* Exercise requirements
The answer must be an exact copy of the lines from the one with "Ceinture Polo Unisexe" through the final line below, with no pictures and nothing else.

* Source data
==============================
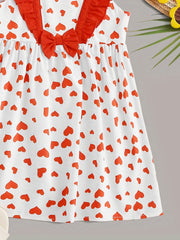 Toddler Girls Heart Graphic Bow Princess Dress For Party Beach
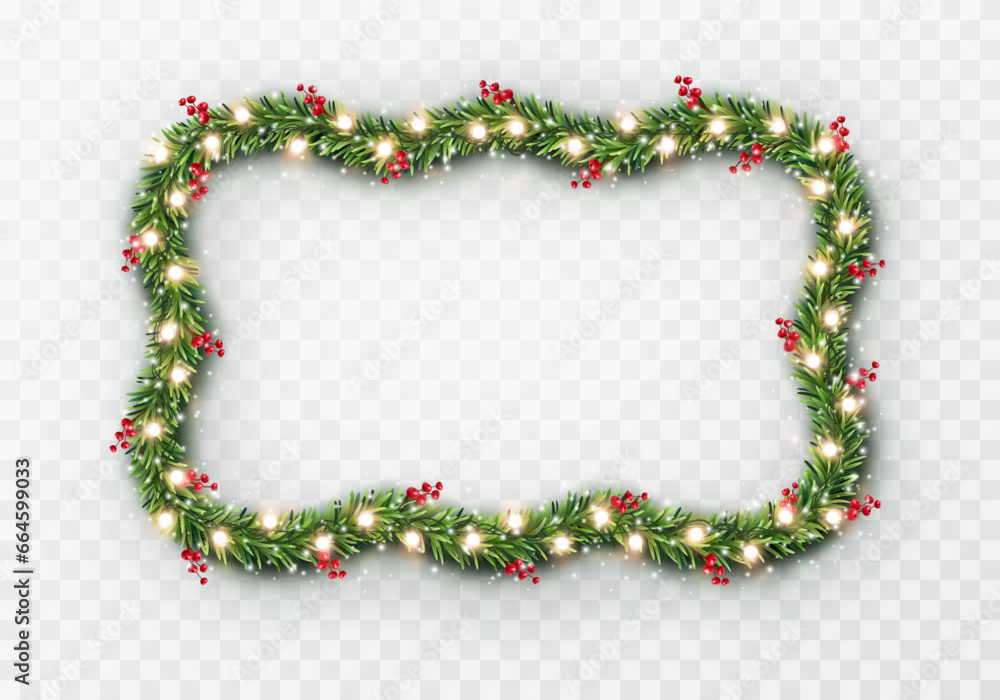Border with green fir branches, snow, red berries and gold lights isolated on transparent background. Pine, xmas evergreen plants frame or banner. Vector Christmas tree garland decoration Border with green fir branches, snow, red berries and gold lights isolated on transparent background. Pine, xmas evergreen plants frame or banner. Vector Christmas tree garland decoration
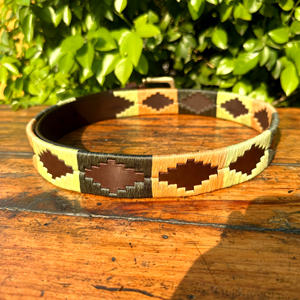 Ceinture Polo Unisexe Moutarde/Vert Foncé Boucle 100% Laiton Massif Qualité Premium Cuir de Buffle Durable Longueur Personnalisée 35MM - Product Image 3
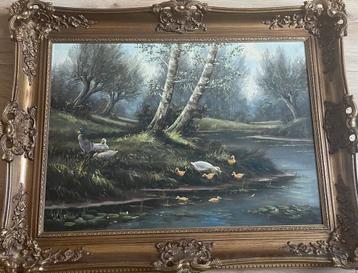 Klassiek Schilderij: Landschap met Eenden beschikbaar voor biedingen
==============================
* Solution to the exercise
 Ceinture Polo Unisexe Moutarde/Vert Foncé Boucle 100% Laiton Massif Qualité Premium Cuir de Buffle Durable Longueur Personnalisée 35MM - Product Image 3
 Klassiek Schilderij: Landschap met Eenden beschikbaar voor biedingen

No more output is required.